##### Record set
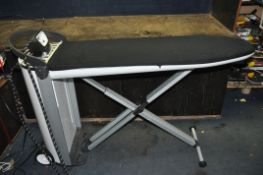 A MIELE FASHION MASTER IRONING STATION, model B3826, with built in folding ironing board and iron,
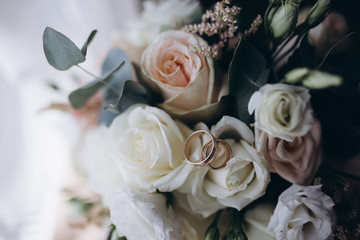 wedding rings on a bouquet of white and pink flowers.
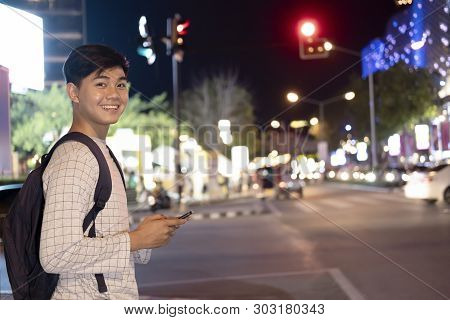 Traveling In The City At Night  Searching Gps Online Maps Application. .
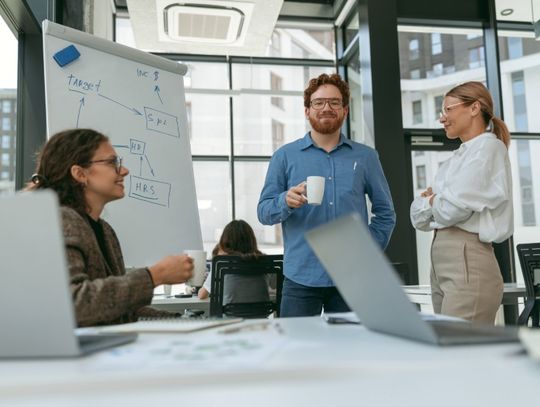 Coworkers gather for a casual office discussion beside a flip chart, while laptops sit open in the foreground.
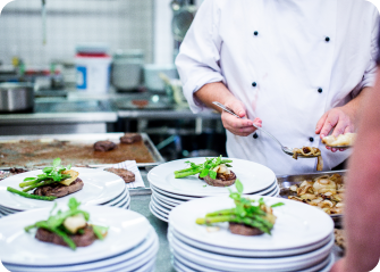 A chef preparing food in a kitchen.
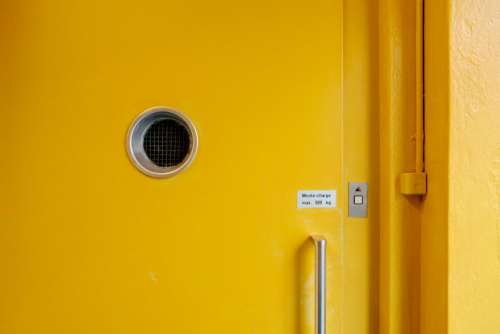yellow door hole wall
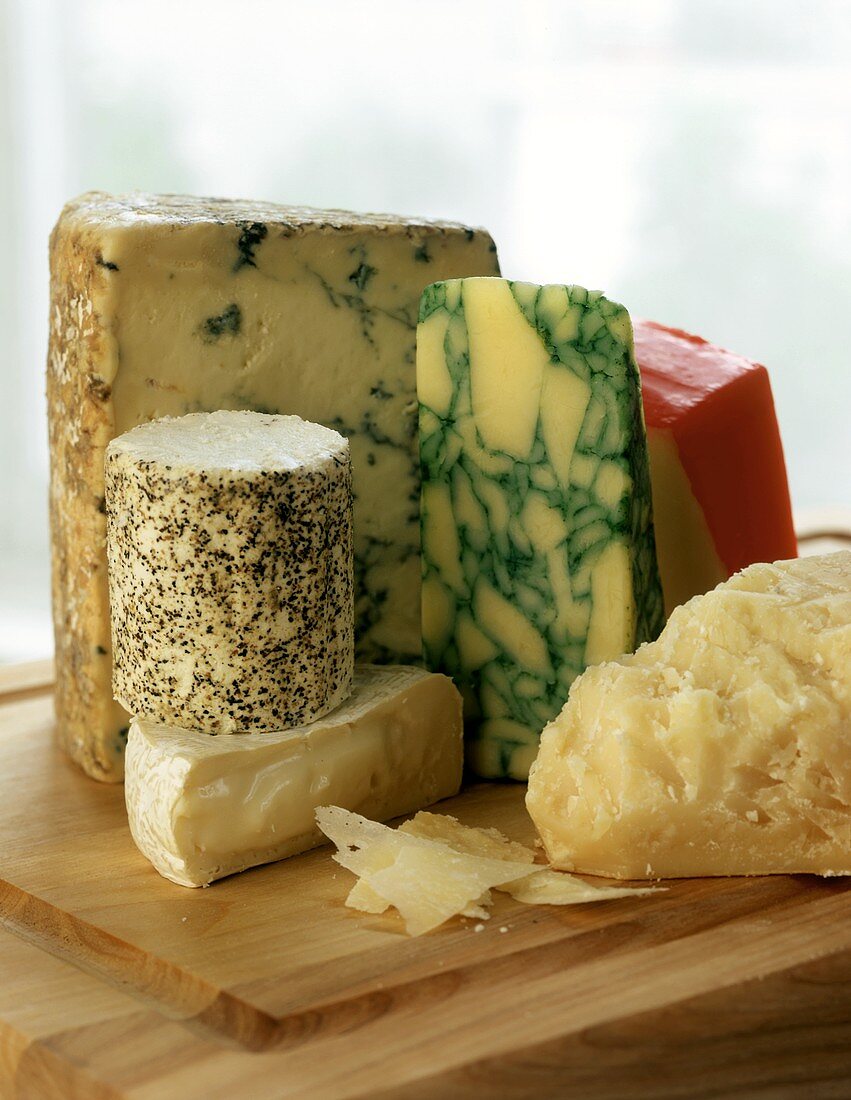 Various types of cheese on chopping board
##########
*Action item*:
Retype the lines exactly as they appear, beginning with the line that contains "Traveling In The" and ending with the final line of the entries, and omit the pictures.

*Response*:
 Traveling In The City At Night  Searching Gps Online Maps Application. .
 Coworkers gather for a casual office discussion beside a flip chart, while laptops sit open in the foreground.
 A chef preparing food in a kitchen.
yellow door hole wall
 Various types of cheese on chopping board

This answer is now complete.